### PROMPT
The output should be the listing below, limited to the lines from the one with "Op deze afbeelding" through the one with "Middle Eastern &", exact and without pictures.

(AVAILABLE RECORDS begins)

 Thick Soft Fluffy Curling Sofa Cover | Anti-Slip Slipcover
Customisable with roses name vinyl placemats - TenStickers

(AVAILABLE RECORDS ends)
(AVAILABLE RECORDS begins)

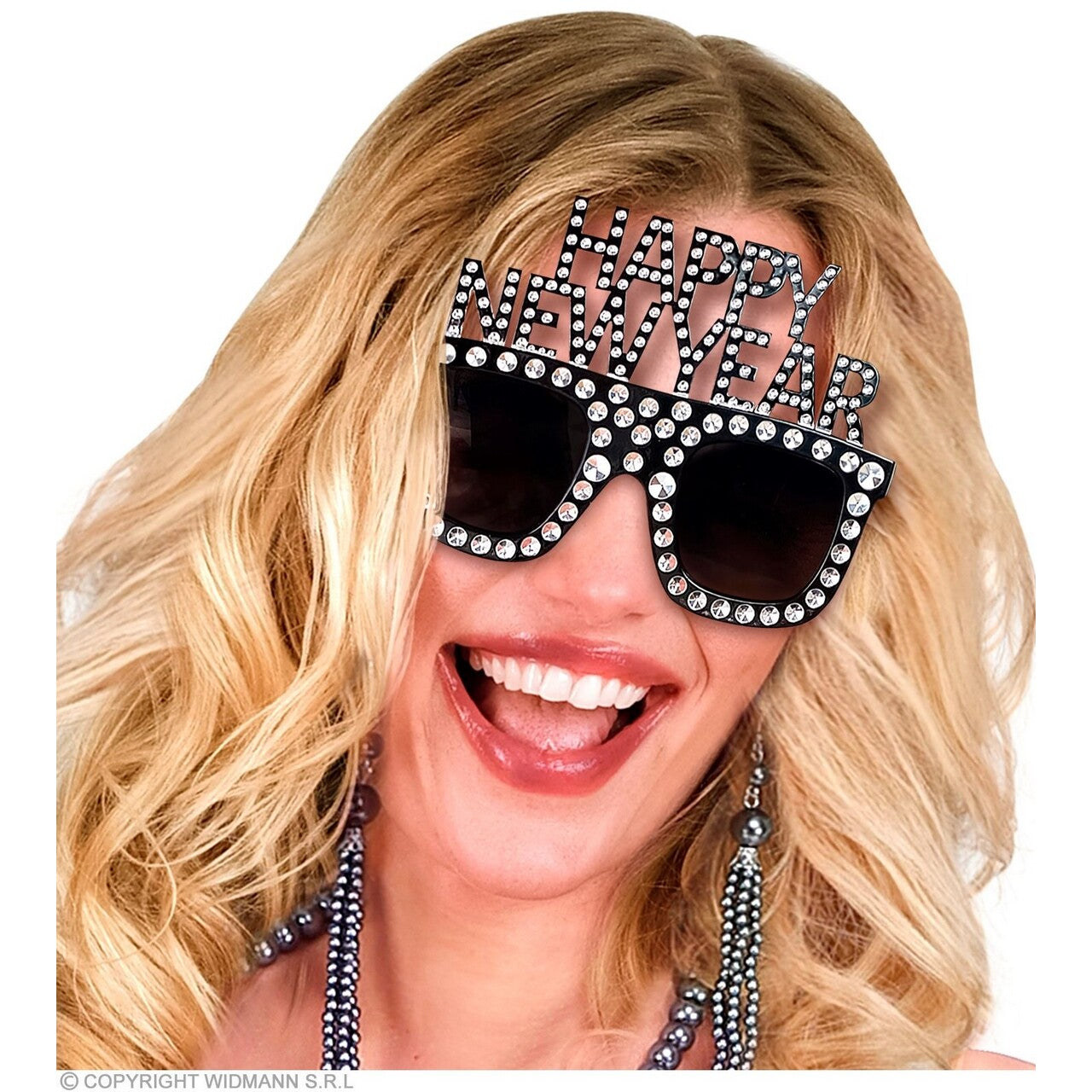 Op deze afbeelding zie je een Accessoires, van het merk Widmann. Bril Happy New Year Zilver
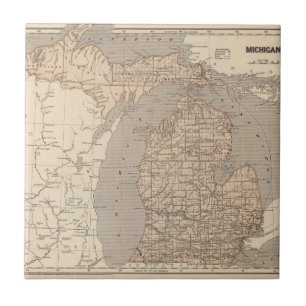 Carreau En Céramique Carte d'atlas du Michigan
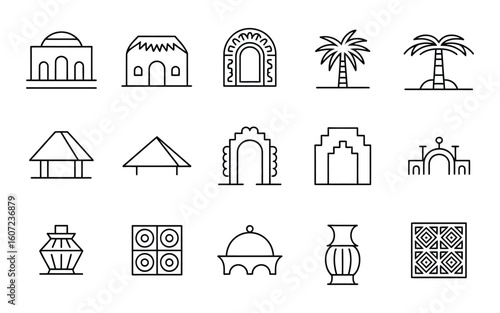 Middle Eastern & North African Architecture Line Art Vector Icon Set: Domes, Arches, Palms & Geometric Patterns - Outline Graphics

(AVAILABLE RECORDS ends)

### PROBLEM SOLUTION
 Op deze afbeelding zie je een Accessoires, van het merk Widmann. Bril Happy New Year Zilver
 Carreau En Céramique Carte d'atlas du Michigan
 Middle Eastern & North African Architecture Line Art Vector Icon Set: Domes, Arches, Palms & Geometric Patterns - Outline Graphics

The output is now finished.